The band Sanctity is a case in point. Their debut album “Road to Bloodshed” (Roadrunner) has much going for it. The power guitars-bass-drums configuration really kicks butt. There are all kinds of intricate arrangements and Speed Metal grooves that show the highest levels of musical virtuosity. Vocals are not solely exorcist sorts of things. The lead vocalist shouts himself hoarse, but musically so and the backup vocals give a texture to the tracks too.

So what if Metal sometimes has those larger-than-life qualities of World Federation Wrestling and some videogames. That certainly appeals to adolescents and it’s part of the trappings. With Sanctity that aspect is minimalized. These are musicians I am proud to embrace as part of the community of 21st Century Schizoid Men, or no, just people pushing the envelope. Really nice, guys.

June 17, 2009—The band Ours comes out of New Jersey. (Full disclosure: the main force behind the group, Jimmy Gnecco, comes from the town I live in. His grandma was my next-door neighbor for more than ten years before she passed away. A good lady. She turned me on to the group.) Ours have three albums out on DreamWorks and right now Jimmy Gnecco is about to go on tour. A solo release is eminent.

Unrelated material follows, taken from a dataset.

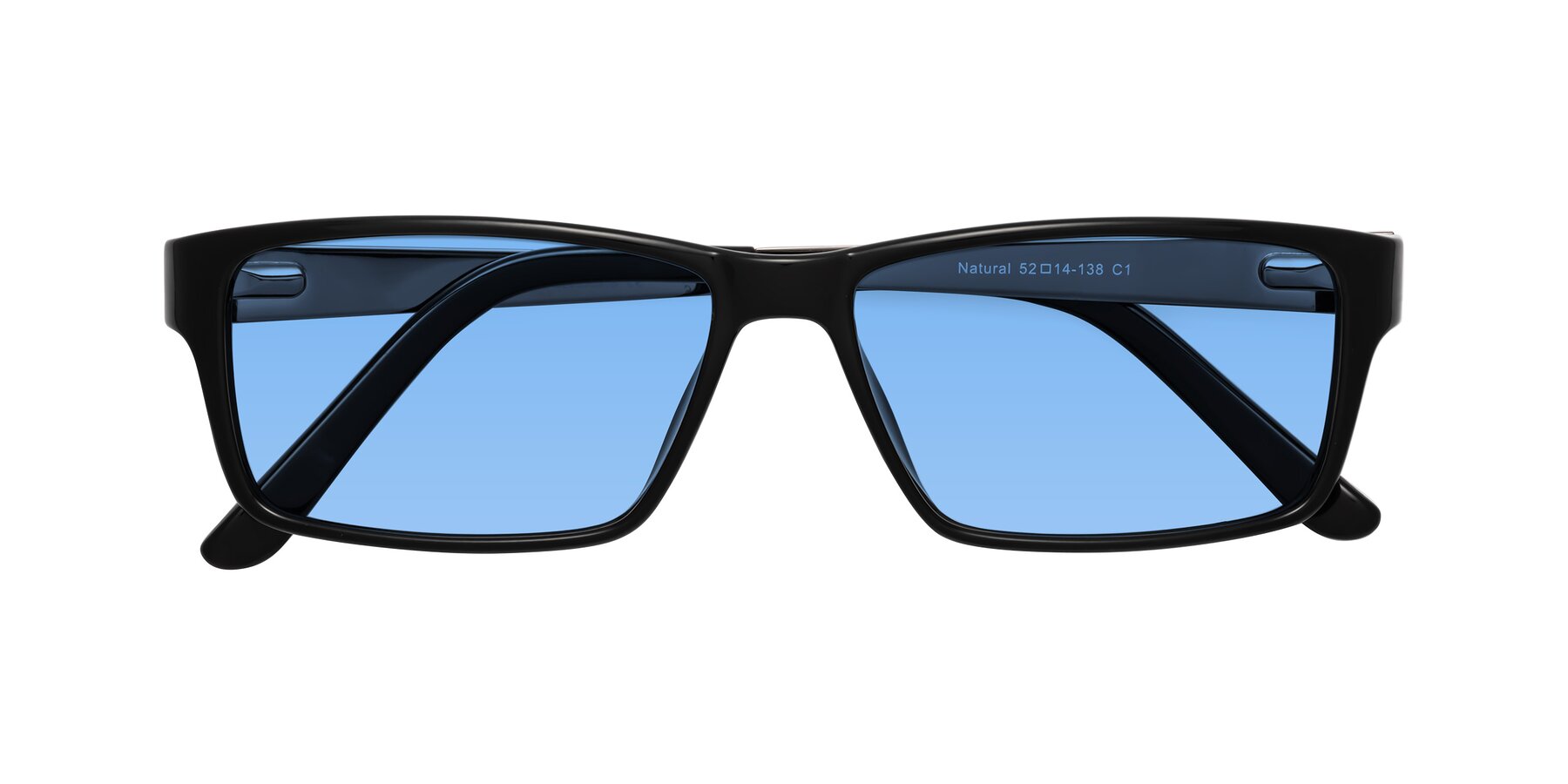 Folded Front of Natural in Black with Medium Blue Tinted Lenses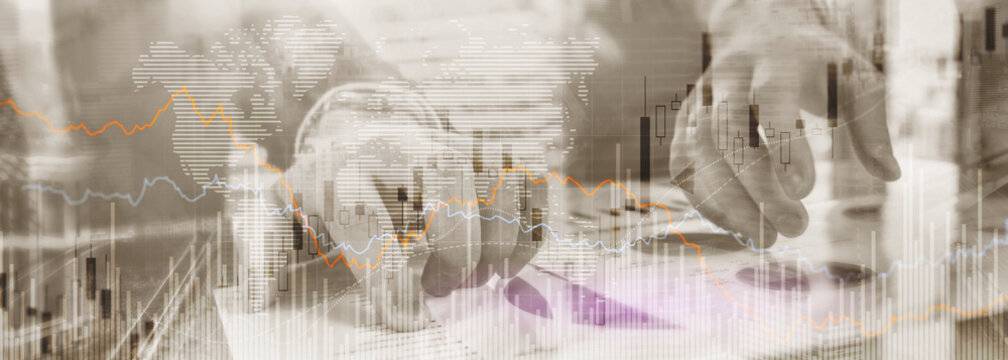 Silhouettes of people on the background of financial graphs and charts © Funtap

At first, Ours sounded to me a bit like U2, but more listening put me onto their distinct style. It is emotional, despairing at times, angst ridden and very tunefully memorable. And they have an electric wall of sound thing going when they do certain numbers.

On release of their first major-label CD "Distorted Lullabies" they embarked on a long set of gigs. On November 16, 2001 Ours played a night at Schuba’s in Chicago. Maybe the post 9-11 vibe is there in the intensity of their performance. It was near the end of the tour. They were well-oiled and at the top of their game. At least part of the night was captured on tape in decent sound, and you can download it from archive.org.

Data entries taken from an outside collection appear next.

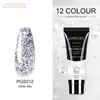 Pegamento para extensión de arte de uñas de cristal de 15ML, sin papel, modelo de extensión de dedo de uña, pegamento de color, 24 colores en stock, suministro de pegamento para esmalte de uñas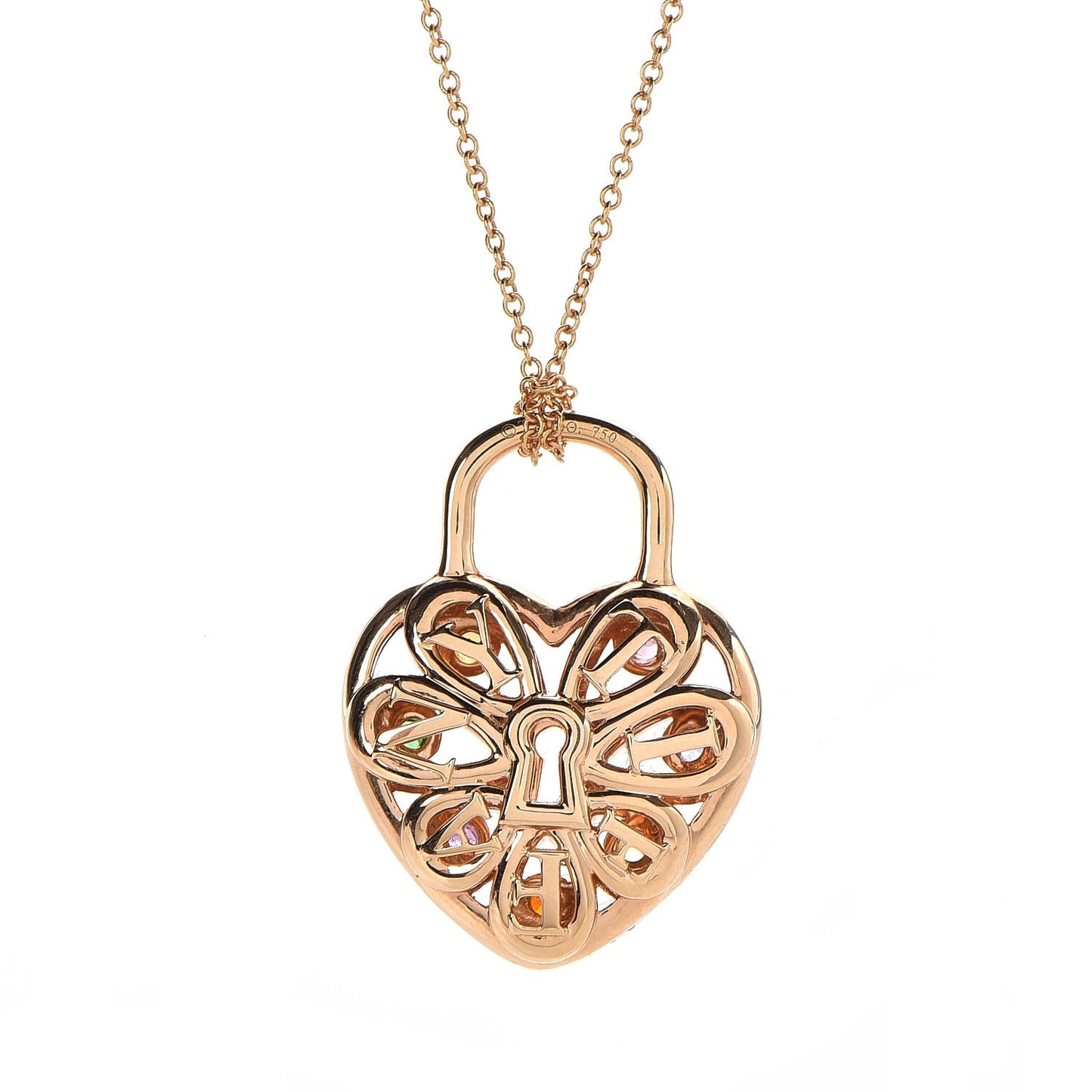18K Rose Gold Diamond Multistone Filigree Heart Pendant Necklace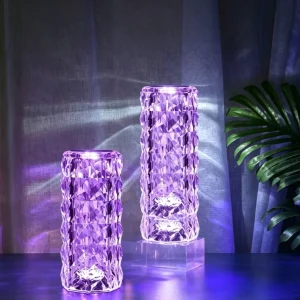 Spanish Crystal Lamp Romantic Rose Night Light Creative Bedside Decor Lamp Fashion Ambient Light for Home Ornament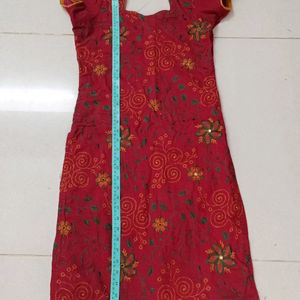 Red Beautiful Straight Kurta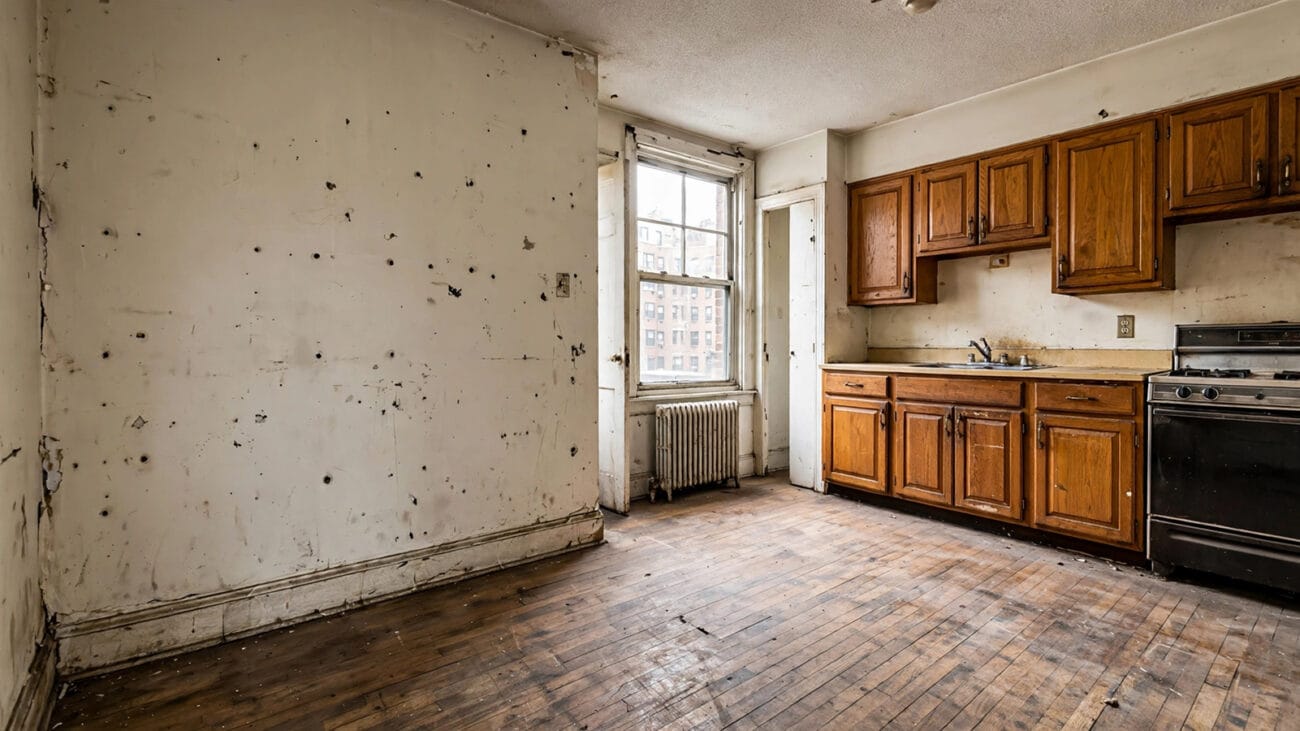 Vacant NYC apartment before turnover with damaged walls and dated kitchen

Jimmy Gnecco’s amazing voice is on full display. They run through their 2001 “A” set. It’s a very good way to check out the band in the earlier years. Moreover it has that indescribable energy a great live recording should have. Ours is a band deserving of a wider following. And I’m not saying that because Mr. Gnecco is a Ridgefield Park guy. Listen to this one. Buy the CDs. Whatever.

June 16, 2009—I’ve missed Steve Elson’s playing and compositions until now. With his “Mott & Broome” (Lips and Fingers), we get a good deal of evidence that he is worth some attention. He plays tenor with authority, sometimes in a Stan-Getz influenced mode, his clarinet work is distinguished, now showing Klezmer influence, now cool and clear, his baritone work is quite interesting, as is his soprano. His compositions are catchy, especially the somewhat quirky vocal numbers showing off the pipes of Jennifer Griffith.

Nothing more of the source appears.